Cain and Abel in Syriac and Greek Writers (4th-6th Centuries)

Cain and Abel in Syriac and Greek Writers (4th-6th Centuries)
Author :
Publisher : Peeters Publishers
Total Pages : 356
Release :
ISBN-10 : 9068319094
ISBN-13 : 9789068319095
Rating : 4/5 (94 Downloads)

Book Synopsis Cain and Abel in Syriac and Greek Writers (4th-6th Centuries) by : Johannes Bartholdy Glenthøj

Download or read book Cain and Abel in Syriac and Greek Writers (4th-6th Centuries) written by Johannes Bartholdy Glenthøj and published by Peeters Publishers. This book was released on 1997 with total page 356 pages. Available in PDF, EPUB and Kindle. Book excerpt:

The Book of Genesis

The Book of Genesis
Author :
Publisher : BRILL
Total Pages : 789
Release :
ISBN-10 : 9789004226531
ISBN-13 : 9004226532
Rating : 4/5 (31 Downloads)

Book Synopsis The Book of Genesis by : Craig A. Evans

Download or read book The Book of Genesis written by Craig A. Evans and published by BRILL. This book was released on 2012-03-20 with total page 789 pages. Available in PDF, EPUB and Kindle. Book excerpt: Drawing on the latest in Genesis scholarship, this volume offers twenty-nine essays on a wide range of topics related to Genesis, written by leading experts in the field. Topics include its formation, reception, textual history and translation, themes, theologies, and place within Judaism, Christianity, and Islam.

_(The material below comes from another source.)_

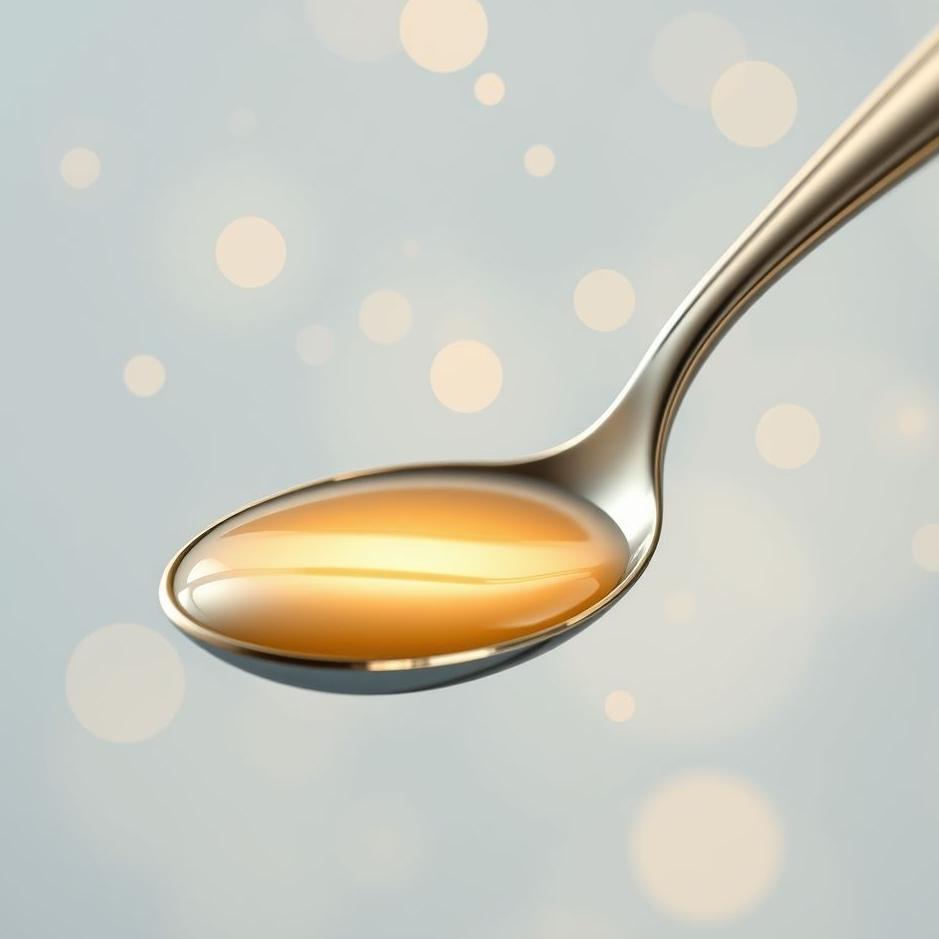 Dream : Small spoon in a dream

Recent Research on Paul and Slavery

Recent Research on Paul and Slavery
Author :
Publisher : Sheffield Phoenix Press Limited
Total Pages : 188
Release :
ISBN-10 : STANFORD:36105124170361
ISBN-13 :
Rating : 4/5 (61 Downloads)

Book Synopsis Recent Research on Paul and Slavery by : John Byron

Download or read book Recent Research on Paul and Slavery written by John Byron and published by Sheffield Phoenix Press Limited. This book was released on 2008 with total page 188 pages. Available in PDF, EPUB and Kindle. Book excerpt: New Testament scholarship and Paul have had a complicated relationship over the question of slavery. For many decades there has been a struggle to reconcile the abolitionist cause with a biblical text that seemingly supports the institution of slavery. Then the more recent discovery of inscriptions and documents referring to slaves in antiquity has added new dimensions to the debate. Furthermore, new interpretative approaches to the New Testament, including social-scientifi c criticism, rhetorical criticism and postcolonial criticism, have challenged earlier interpretations of Paul's statements about slavery. The issue has even more recently taken on a new shape as descendants of former North American slaves have engaged with the way Paul has been interpreted and used to justify the enslavement of their ancestors. In this volume, John Byron provides a survey of 200 years of scholarly interpretation of Paul and slavery with a focus on the last 35 years. After a general overview of the history of research, Byron focusses in turn on four specific areas: African-American responses to Paul, Paul's slavery metaphors, the elliptical phrase in 1 Corinthians 7.21, and the letter to Philemon. An epilogue highlights four areas in which scholarship is continuing to change its understanding of ancient slavery and, in consequence, its interpretation of Paul. New Testament students and scholars will fi nd the volume a valuable specialist resource that collects and analyses the most important developments on Paul and slavery.